The project will likely satisfy neither side. The pipeline's construction is not expected to produce many direct jobs. The State Department's own analysis concluded that it wouldn't worsen climate change because the oil would be harvested and then transported by other means, including rail, even if the pipeline were not built.

The move assures that the first piece of legislation in the new Republican-controlled Senate is on a collision course with the White House, and neither side appeared to be giving any ground Thursday.

New energy committee chairman Lisa Murkowski, a Republican, urged colleagues not to be deterred by the veto threat, reminding them the bill fell just one vote shy of passing the Senate when Democrats controlled the chamber last year.

The bill this time around already has enough support to overcome a filibuster — 54 Republicans and six Democrats are sponsors. But supporters acknowledge they are still short of what would be needed to overcome a veto threat, and were already discussing other means to get the pipeline approved.

Long wait for approval

Calgary-based TransCanada Corp. has been waiting for more than six years for a U.S. permit to build the $8-billion pipeline, which has become a major irritant in Canada-U.S. relations.

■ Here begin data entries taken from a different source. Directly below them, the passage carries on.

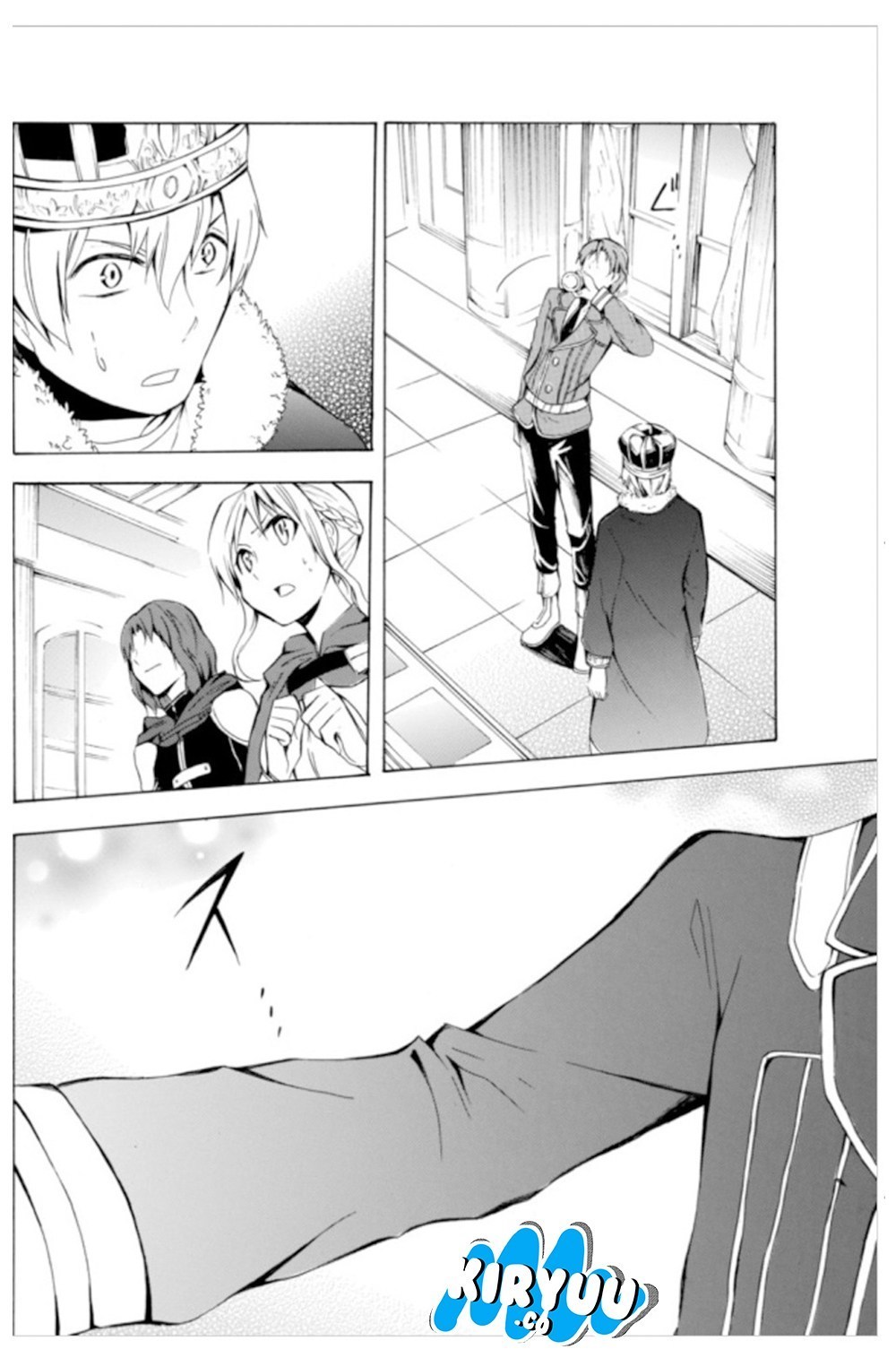 Potion-danomi de Ikinobimasu! Chapter 06.1 Bahasa Indonesia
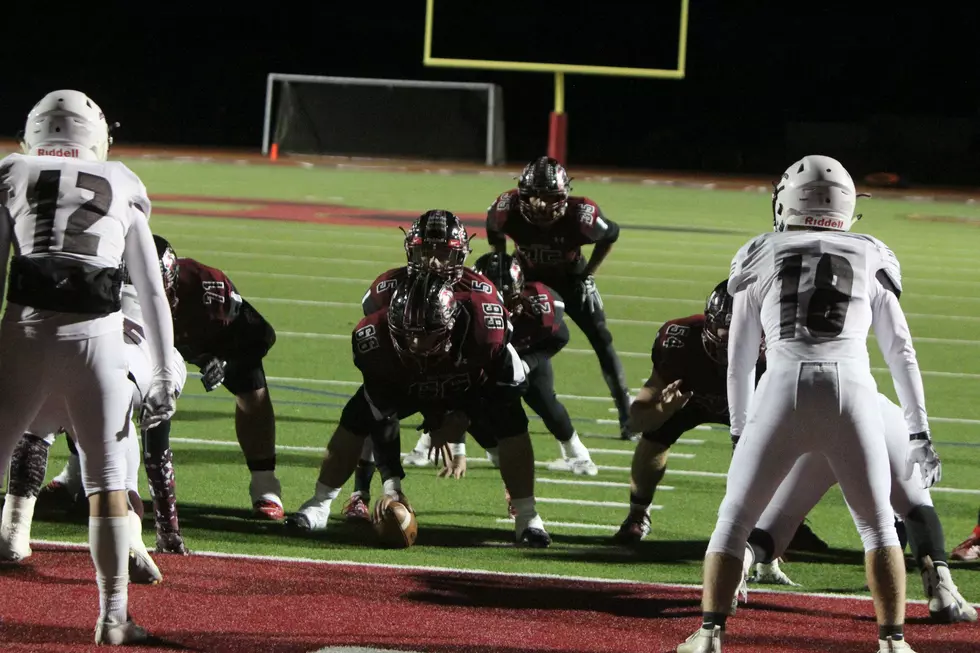 Torrington Vs. Riverton Football [VIDEO]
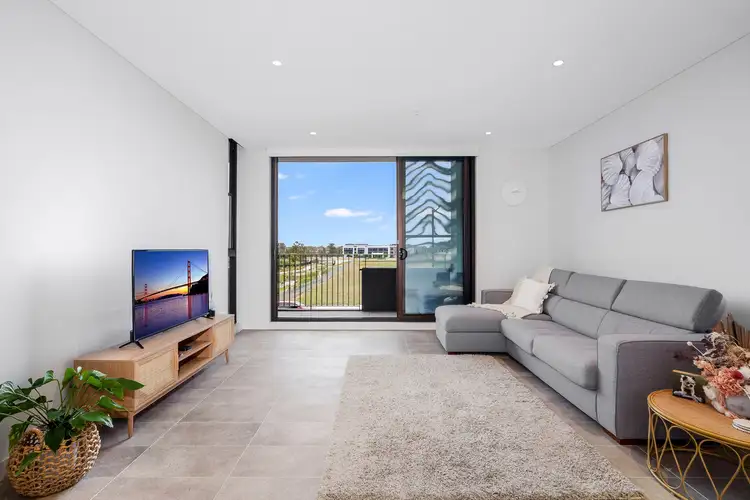 Third view of Homely apartment listing, 104/2 Fordham Way, Oran Park NSW 2570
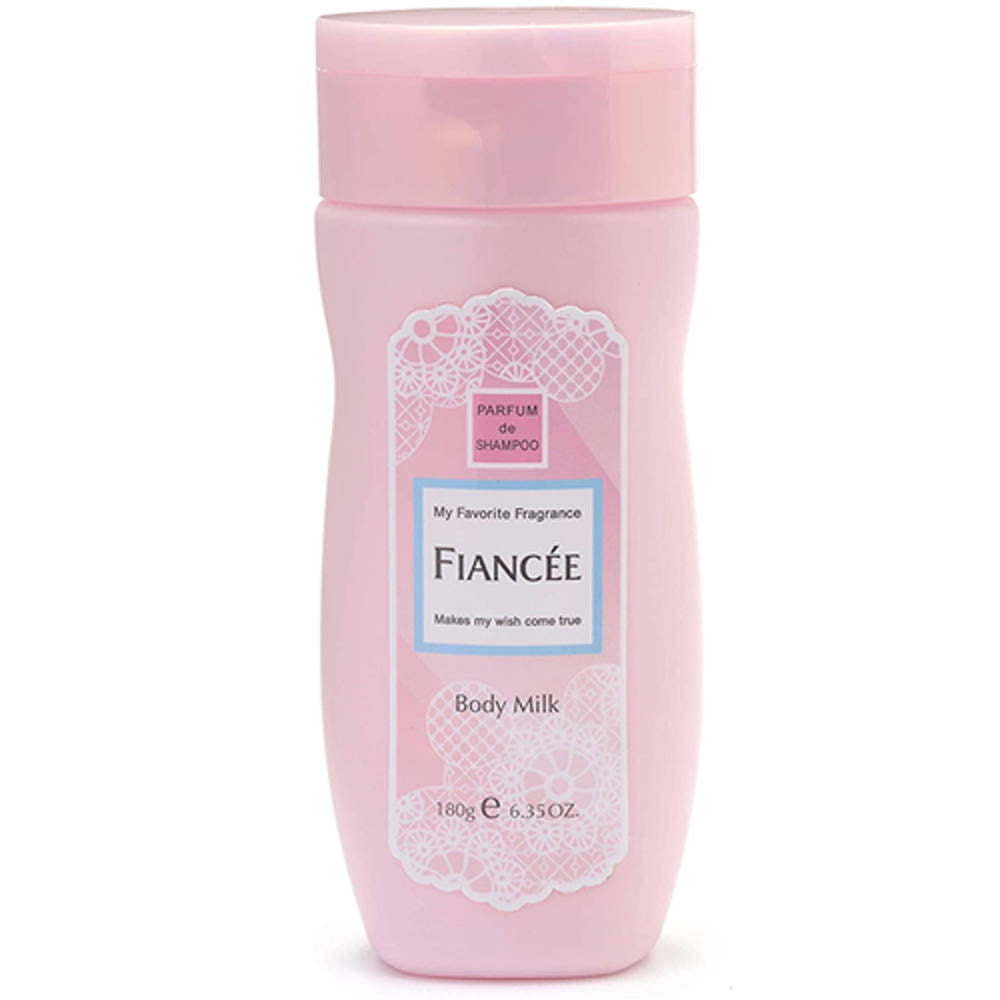 피앙세 바디밀크로션 퓨어샴푸향 180g - 헤어케어 - 하카타몰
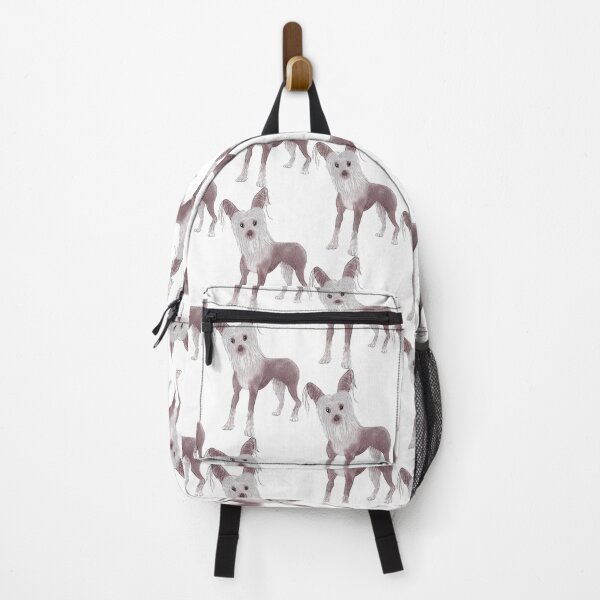 Item preview, Chinese Crestd Dog 中國冠毛犬 designed and sold by MurMay.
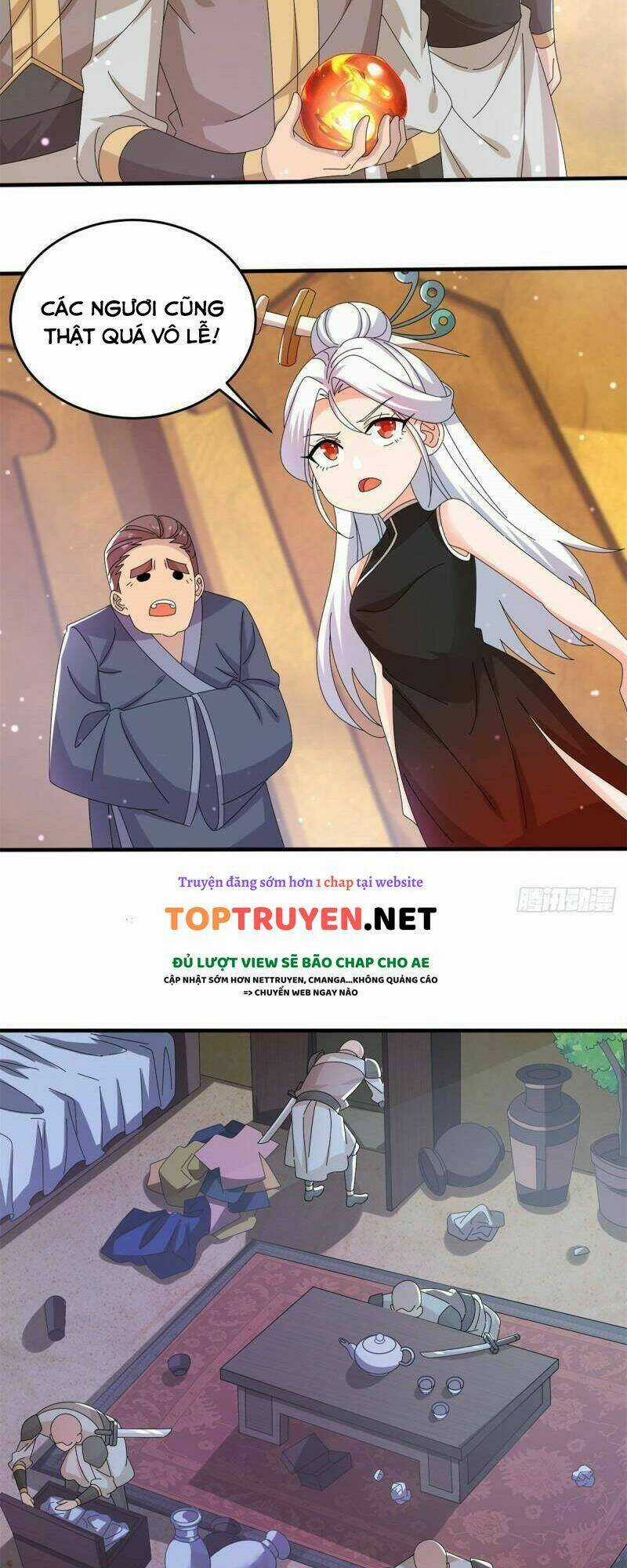 Chân Võ Thế Giới Chapter 68 trang 5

The pipeline would connect to an existing TransCanada system, enabling some 830,000 barrels of crude per day, mostly from Alberta, to more directly reach the lucrative Gulf Coast market by cutting diagonally from the Saskatchewan-Montana border to Steele City, Neb.

Prior to the Senate committee's vote Thursday, Majority Leader Mitch McConnell called on Obama to rescind his veto threat.

"So for a president who has said he'd like to see more bipartisan co-operation, this is a perfect opportunity," McConnell said in a statement.

Supporters say the pipeline project would ease American dependence on Middle East oil. Critics argue that the drilling itself is environmentally harmful and that much of the Canadian crude would be exported with little or no impact on America's drive to reduce oil imports.

But while the $5.4 billion project has become a political lightning rod, it will have minimal impact on the two issues that the two sides care most about, which for Republicans is jobs and for liberal Democrats, their concern about worsening climate change.

The State Department in its evaluation of the pipeline, now on hold until a Nebraska court rules on its route, said the oiilsands would be developed regardless of whether the pipeline was built.

The same review said that during the two-year construction period about 42,000 jobs would be created, but only 3,900 would be directly related to the pipeline.